Task goal
Restate word for word the entries below, starting with the line with "Used 2019 Chevrolet Impala LT image 32" and continuing through the line with "Hello Bairro Alto". Include both of those lines and no others.

Extracted data
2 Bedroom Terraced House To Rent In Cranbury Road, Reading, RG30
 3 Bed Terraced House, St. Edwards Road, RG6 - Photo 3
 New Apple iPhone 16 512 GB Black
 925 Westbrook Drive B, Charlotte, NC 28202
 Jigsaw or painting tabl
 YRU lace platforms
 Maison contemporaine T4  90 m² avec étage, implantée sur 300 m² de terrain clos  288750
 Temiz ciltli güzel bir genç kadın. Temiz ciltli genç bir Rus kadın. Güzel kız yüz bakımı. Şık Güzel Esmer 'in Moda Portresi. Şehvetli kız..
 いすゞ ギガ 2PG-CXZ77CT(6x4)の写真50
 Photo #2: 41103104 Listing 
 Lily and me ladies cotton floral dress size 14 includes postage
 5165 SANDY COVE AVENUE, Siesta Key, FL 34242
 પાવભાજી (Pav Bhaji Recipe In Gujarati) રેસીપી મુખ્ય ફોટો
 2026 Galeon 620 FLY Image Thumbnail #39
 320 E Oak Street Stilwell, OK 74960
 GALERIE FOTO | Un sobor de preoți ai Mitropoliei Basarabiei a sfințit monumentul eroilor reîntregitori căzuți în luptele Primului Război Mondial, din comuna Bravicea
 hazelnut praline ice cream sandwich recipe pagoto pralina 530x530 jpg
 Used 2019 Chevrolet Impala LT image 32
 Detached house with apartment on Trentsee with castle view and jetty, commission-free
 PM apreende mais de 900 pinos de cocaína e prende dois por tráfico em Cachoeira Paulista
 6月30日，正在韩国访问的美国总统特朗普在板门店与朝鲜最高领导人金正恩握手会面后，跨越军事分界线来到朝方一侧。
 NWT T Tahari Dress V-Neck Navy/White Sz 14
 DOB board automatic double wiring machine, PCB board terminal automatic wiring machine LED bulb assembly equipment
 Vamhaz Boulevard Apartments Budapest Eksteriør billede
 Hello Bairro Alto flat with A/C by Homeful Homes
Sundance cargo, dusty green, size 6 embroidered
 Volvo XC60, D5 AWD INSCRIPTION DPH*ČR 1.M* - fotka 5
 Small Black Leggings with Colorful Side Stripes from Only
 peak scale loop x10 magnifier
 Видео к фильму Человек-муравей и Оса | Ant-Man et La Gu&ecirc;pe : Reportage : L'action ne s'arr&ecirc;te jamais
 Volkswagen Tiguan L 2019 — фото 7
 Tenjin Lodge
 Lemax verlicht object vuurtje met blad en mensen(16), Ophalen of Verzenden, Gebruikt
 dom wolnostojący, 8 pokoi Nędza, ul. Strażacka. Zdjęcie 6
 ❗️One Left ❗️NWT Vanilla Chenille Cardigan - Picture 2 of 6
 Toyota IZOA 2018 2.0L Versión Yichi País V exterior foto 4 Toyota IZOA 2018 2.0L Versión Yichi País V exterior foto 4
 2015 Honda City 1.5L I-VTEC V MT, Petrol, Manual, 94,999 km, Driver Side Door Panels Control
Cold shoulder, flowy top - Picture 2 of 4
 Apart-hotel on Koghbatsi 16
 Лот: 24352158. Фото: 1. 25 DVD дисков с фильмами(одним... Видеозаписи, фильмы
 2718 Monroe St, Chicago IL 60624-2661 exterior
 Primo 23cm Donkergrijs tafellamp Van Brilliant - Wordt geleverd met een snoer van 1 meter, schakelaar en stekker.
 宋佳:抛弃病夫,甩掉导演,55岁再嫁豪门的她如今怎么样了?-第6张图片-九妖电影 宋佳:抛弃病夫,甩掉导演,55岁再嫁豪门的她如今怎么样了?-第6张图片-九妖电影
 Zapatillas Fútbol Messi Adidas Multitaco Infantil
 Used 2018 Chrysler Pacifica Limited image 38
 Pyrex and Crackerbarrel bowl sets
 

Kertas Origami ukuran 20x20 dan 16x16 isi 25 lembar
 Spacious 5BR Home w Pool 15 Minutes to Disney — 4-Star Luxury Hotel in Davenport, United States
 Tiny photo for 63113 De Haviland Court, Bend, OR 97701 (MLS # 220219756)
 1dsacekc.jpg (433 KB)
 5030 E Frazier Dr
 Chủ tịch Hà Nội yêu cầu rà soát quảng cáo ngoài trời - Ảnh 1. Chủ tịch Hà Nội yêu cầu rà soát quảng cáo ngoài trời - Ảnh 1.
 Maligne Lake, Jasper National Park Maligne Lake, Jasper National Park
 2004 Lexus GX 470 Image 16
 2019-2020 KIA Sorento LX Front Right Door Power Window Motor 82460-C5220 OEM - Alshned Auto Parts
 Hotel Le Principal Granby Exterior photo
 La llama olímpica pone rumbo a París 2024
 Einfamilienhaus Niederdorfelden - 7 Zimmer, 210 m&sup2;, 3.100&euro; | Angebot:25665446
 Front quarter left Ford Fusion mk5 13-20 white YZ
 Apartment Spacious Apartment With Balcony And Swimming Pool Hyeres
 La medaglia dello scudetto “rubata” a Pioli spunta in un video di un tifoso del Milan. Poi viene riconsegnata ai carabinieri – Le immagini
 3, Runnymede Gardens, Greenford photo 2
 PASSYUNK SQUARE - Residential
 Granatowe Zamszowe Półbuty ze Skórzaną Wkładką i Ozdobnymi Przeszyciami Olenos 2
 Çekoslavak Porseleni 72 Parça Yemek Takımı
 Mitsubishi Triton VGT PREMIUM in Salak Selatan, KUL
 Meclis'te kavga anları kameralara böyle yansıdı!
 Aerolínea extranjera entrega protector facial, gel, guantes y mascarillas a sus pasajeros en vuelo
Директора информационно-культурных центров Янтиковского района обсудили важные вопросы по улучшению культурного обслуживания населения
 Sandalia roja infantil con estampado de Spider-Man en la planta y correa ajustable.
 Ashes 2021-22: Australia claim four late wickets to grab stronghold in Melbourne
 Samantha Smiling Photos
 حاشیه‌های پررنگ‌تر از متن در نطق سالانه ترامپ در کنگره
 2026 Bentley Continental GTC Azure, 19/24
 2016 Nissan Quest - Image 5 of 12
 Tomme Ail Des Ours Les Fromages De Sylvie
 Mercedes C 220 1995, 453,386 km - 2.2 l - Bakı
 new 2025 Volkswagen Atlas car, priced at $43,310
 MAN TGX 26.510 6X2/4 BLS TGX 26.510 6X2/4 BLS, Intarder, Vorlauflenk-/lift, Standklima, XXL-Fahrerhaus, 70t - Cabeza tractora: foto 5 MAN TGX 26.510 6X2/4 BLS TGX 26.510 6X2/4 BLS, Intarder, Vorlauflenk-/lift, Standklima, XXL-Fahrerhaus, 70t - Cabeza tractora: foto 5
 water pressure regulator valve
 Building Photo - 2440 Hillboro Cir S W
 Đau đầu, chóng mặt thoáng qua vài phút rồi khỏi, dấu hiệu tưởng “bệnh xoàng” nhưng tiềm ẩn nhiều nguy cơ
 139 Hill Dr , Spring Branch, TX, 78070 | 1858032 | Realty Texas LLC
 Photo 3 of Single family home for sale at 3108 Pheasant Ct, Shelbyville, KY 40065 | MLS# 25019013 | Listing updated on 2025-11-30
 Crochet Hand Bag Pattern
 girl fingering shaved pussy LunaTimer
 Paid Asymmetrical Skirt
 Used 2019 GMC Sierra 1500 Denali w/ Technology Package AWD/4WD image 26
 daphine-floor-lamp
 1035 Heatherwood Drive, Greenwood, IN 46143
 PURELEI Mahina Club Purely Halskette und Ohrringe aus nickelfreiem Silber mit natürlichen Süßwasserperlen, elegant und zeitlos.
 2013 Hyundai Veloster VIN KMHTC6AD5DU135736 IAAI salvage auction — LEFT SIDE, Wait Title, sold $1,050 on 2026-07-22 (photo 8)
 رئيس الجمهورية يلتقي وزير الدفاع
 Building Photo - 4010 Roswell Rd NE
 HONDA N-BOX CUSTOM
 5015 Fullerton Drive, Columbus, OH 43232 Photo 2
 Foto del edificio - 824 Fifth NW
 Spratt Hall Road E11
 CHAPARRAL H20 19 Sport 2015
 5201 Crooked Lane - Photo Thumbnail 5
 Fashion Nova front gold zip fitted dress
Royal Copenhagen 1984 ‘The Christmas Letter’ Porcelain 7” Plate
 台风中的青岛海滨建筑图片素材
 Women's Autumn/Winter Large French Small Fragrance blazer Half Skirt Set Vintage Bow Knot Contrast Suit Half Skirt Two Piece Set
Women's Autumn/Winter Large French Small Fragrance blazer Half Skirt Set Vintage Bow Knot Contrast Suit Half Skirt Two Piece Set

Answer to this exercise
 Used 2019 Chevrolet Impala LT image 32
 Detached house with apartment on Trentsee with castle view and jetty, commission-free
 PM apreende mais de 900 pinos de cocaína e prende dois por tráfico em Cachoeira Paulista
 6月30日，正在韩国访问的美国总统特朗普在板门店与朝鲜最高领导人金正恩握手会面后，跨越军事分界线来到朝方一侧。
 NWT T Tahari Dress V-Neck Navy/White Sz 14
 DOB board automatic double wiring machine, PCB board terminal automatic wiring machine LED bulb assembly equipment
 Vamhaz Boulevard Apartments Budapest Eksteriør billede
 Hello Bairro Alto flat with A/C by Homeful Homes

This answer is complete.